(Material provided Opens)
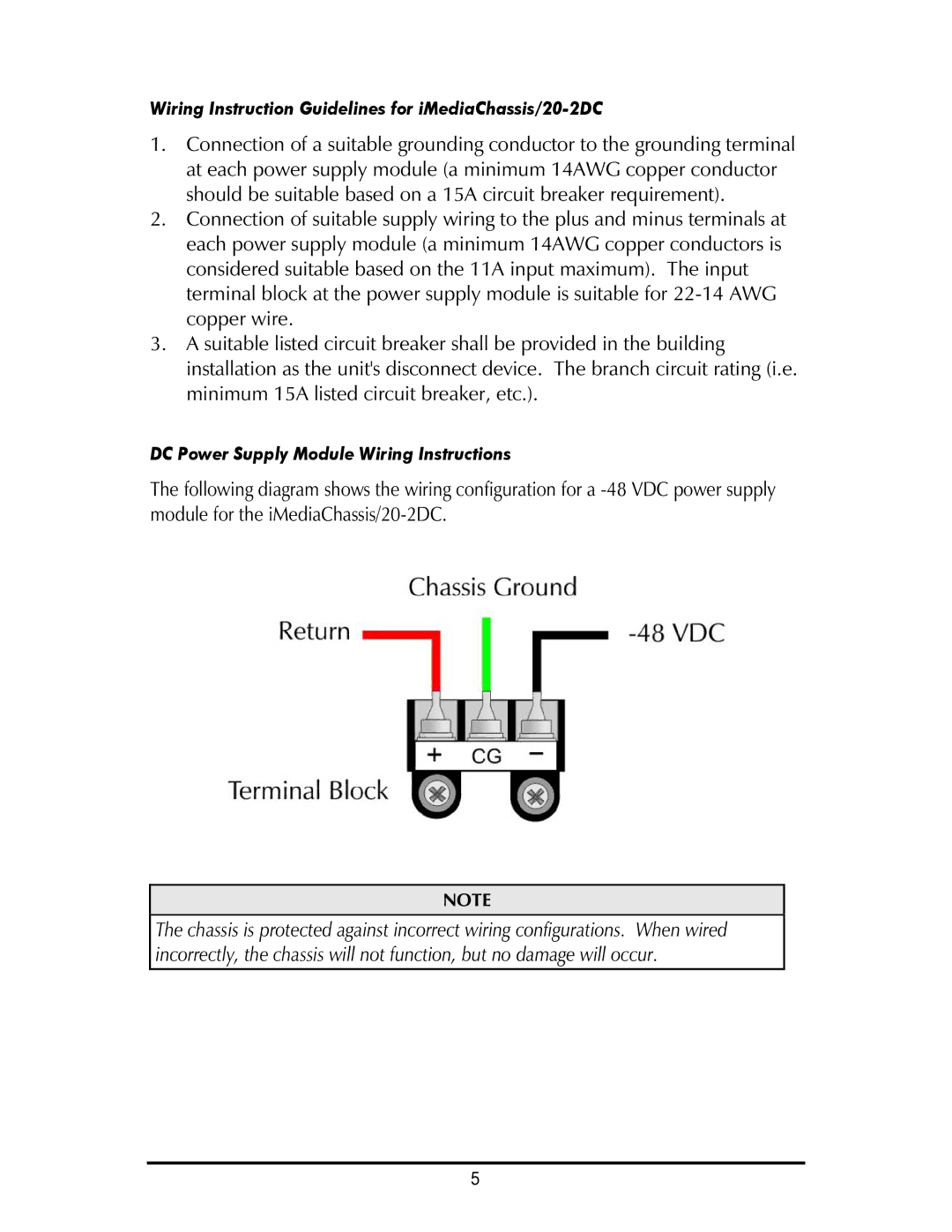 IMC Networks iMediaChassis/6, iMediaChassis/3 operation manual Wiring Instruction Guidelines for iMediaChassis/20-2DC 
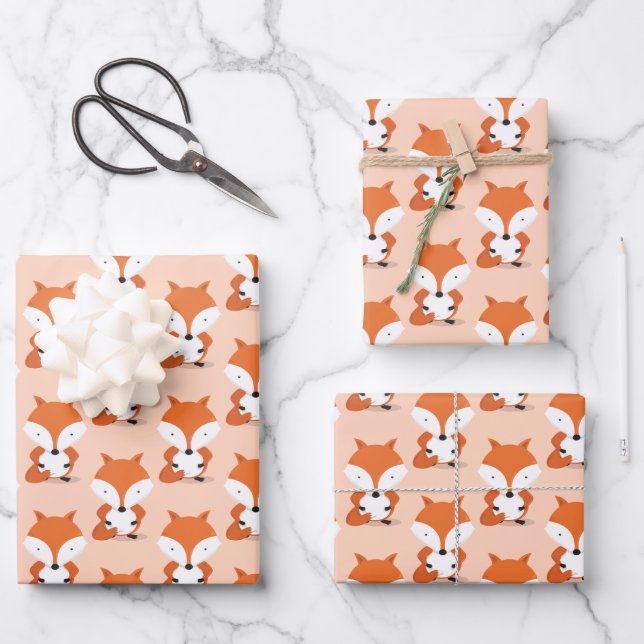 Fox Pattern Animal Geschenkpapier Set (Vorderseite)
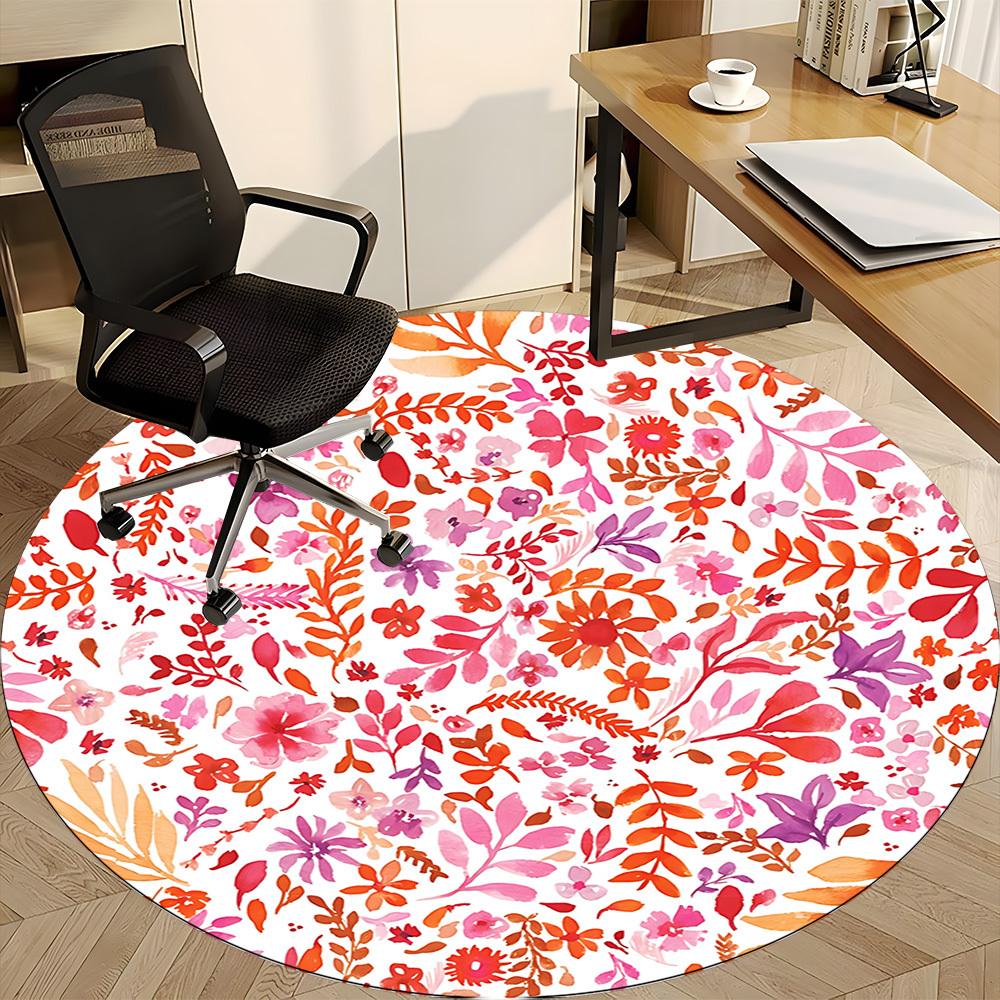 1pc Floral Pattern Chair Carpet for Office Non-Slip, Machine Washable Rug for Office, Room - Polyester, Machine Made yy251029132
(Material provided Closes)
(Exercise prompt)
Set down the material above exactly as written, but not the pictures.

(Completed task)
 IMC Networks iMediaChassis/6, iMediaChassis/3 operation manual Wiring Instruction Guidelines for iMediaChassis/20-2DC 
 Fox Pattern Animal Geschenkpapier Set (Vorderseite)
 1pc Floral Pattern Chair Carpet for Office Non-Slip, Machine Washable Rug for Office, Room - Polyester, Machine Made yy251029132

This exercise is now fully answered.